The public is fascinated (although what do they know, right?). A reader says about “Until I Smile At You”, the new (and only) book written about Ruth Lowe (untilismileatyou.com): “Story about a little known Canadian who deserves more recognition. I very much enjoyed the story and the history involved about a Woman from Toronto who even though she mingled with the rich and famous never forgot where she came from. She chose to leave it behind to come home and become a wife and mother. She sounds like the kind of person who would enhance the lives she touched. I wish I had known her.”
Another reader adds, “What a fabulous story about a truly amazing woman.” And a third says, “A sweetly sentimental look at the life of Ruth Lowe, illustrating the contrasting sides of this Canadian composer's life. At once an artist rubbing elbows with showbiz glitterati, she was also a woman who simply wanted love and family.”

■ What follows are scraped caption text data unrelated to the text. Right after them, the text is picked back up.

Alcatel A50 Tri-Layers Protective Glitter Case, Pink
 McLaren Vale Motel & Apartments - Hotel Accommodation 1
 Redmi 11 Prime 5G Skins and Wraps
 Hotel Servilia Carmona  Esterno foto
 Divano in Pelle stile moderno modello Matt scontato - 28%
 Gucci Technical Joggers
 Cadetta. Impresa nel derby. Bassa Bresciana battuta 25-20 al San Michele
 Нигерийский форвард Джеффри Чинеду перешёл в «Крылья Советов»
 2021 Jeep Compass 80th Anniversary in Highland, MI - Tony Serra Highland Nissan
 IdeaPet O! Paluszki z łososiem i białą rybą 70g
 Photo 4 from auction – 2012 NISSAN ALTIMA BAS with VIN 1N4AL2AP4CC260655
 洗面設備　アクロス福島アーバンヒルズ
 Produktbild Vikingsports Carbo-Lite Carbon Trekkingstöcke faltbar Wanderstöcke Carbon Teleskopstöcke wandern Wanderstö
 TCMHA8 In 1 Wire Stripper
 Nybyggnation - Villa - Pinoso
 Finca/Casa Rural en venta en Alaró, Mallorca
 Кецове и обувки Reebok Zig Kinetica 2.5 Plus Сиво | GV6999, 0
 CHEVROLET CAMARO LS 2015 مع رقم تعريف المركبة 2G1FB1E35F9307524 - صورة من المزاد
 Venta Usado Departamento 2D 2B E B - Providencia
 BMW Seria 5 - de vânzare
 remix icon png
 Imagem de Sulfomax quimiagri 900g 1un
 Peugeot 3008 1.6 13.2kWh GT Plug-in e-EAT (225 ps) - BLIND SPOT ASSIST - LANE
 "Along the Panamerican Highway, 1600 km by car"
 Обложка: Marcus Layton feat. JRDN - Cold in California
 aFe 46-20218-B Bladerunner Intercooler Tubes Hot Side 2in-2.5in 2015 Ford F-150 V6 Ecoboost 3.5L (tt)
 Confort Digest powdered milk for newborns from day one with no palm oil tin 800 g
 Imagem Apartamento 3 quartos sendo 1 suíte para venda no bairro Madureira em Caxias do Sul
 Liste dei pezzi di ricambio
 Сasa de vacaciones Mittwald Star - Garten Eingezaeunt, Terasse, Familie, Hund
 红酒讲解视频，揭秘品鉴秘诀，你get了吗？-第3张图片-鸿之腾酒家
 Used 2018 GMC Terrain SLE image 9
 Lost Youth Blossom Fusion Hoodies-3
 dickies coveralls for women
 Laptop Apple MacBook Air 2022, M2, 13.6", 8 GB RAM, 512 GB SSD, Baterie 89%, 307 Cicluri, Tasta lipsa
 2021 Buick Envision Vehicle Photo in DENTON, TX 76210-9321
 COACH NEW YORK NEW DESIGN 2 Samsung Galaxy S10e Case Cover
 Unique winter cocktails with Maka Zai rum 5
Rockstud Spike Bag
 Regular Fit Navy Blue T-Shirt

OK, do I have an ax to grind here? Sure, I’m the guy who wrote the book about Ms. Lowe along with her son Tom Sandler. Yet I wrote it not for my own grandeur, but to give this remarkable lady the renown she is due. I mean, look at what the U.S. does for Ruth Lowe:
I’m a proud Canadian. But not this month. Not when a genuine heroine is ignored in her own country during Women’s History Month.
For shame, Canada’s media.
But here’s the good news: you’ve got a week to make amends. Women’s History Month lasts until March 31. That’s seven days from now… seven days when you can tell the world about our national heroine. That is, if it’s important at all.